Lismore was an electronic music group formed by vocalist Penelope Trappes and composer/instrumentalist Stephen Hindman in 2004. The group uses both live instruments and programmed beats to achieve their sound.

==Members==
- Penelope Trappes (vocals)
- Stephen Hindman (programming, guitars)

== History ==
Two next door neighbors, Australian-born Penelope and Ohio-bred Stephen, an ex dj/producer (Kingsize), blindly began making electronic pop songs together unwittingly creating their acclaimed glitchy debut CD, We Could Connect Or We Could Not.
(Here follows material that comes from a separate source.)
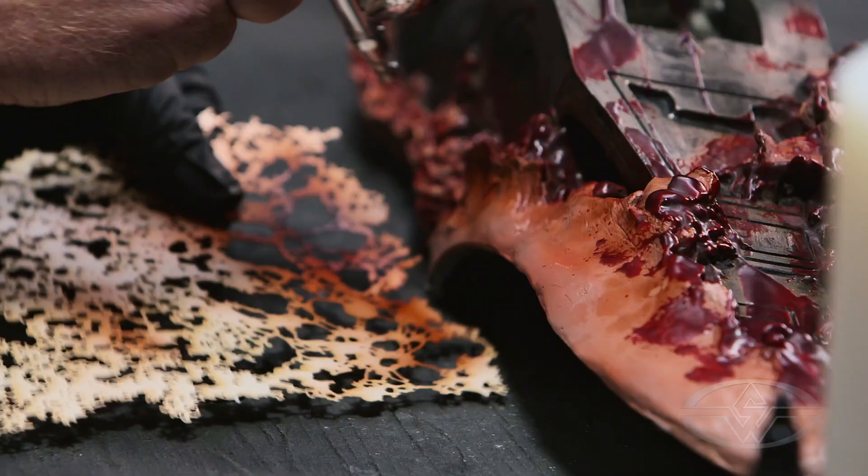This, by the way, was done with solvent-based paint. You don't even notice the difference. Well, as you see, I have a ton to show you, so let's get to painting.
As 'You Aint No Picasso' said: "Lismore sound like a wicked collaboration between Ladytron and Daft Punk."

Lismore had been playing in NYC and extensively touring the US and Canada throughout 2005, 2006, 2007 and 2008, and is no longer an active band.

==Discography==

===Albums===
- We Could Connect or We Could Not (2005)

===EPs===
- It Takes Guts To Deceive So Eloquently (2006)
- All That You Are EP (2007)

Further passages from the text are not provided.